Venice is one of the most interesting and lovely places in the world. This sanctuary on a lagoon is virtually the same as it was six hundred years ago, which adds to the fascinating character. Venice has decayed since its heyday and is heavily touristed (there are slightly more tourists than residents), but the romantic charm remains.
This place may not seem huge but it is. Venice is made of different boroughs. The most famous is the area comprising the 118 islands in the main districts that are called "Sestieri" and they are: Cannaregio, Castello, Dorsoduro, San Polo, Santa Croce and San Marco, where the main monuments and sights are located. Other main districts are Isola Della Giudecca and Lido di Venezia. Other important islands include Murano, Torcello, San Francesco del Deserto and Burano, but there are several.
The summer may be the worst time to visit: it's sometimes very hot and often humid, the canals usually smell, there are mosquitoes and occasional infestations of flies, and there are more tourists than usual.

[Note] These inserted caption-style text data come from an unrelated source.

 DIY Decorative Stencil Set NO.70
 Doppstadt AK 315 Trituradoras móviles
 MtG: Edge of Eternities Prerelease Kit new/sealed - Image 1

Spring and fall are probably best, a compromise between temperature (expect 5-15°C in March) and the tourist load. Between November and January, you may manage to feel you have Venice all to yourself, an interesting and quiet experience. Beware of the weather during the winter months: it can be quite cold, windy, and damp. Fog is an additional hazard if you are driving in or out, doubly so in the unlikely chance that you will pilot a boat. That said, if you've never been to Venice, it's better to go in summer than not to go. You won't regret it. Many cities are far worse in summer, and Venice has no cars, hence no smog.
Because Venice is on a lagoon, the water plays a crucial role in transportation. Whichever way you arrive, the last part of your journey will be on foot from the nearest waterbus/watertaxi jetty. If you need to carry or wheel bags along the narrow streets, bear this in mind when chosing your hotel location and route to it.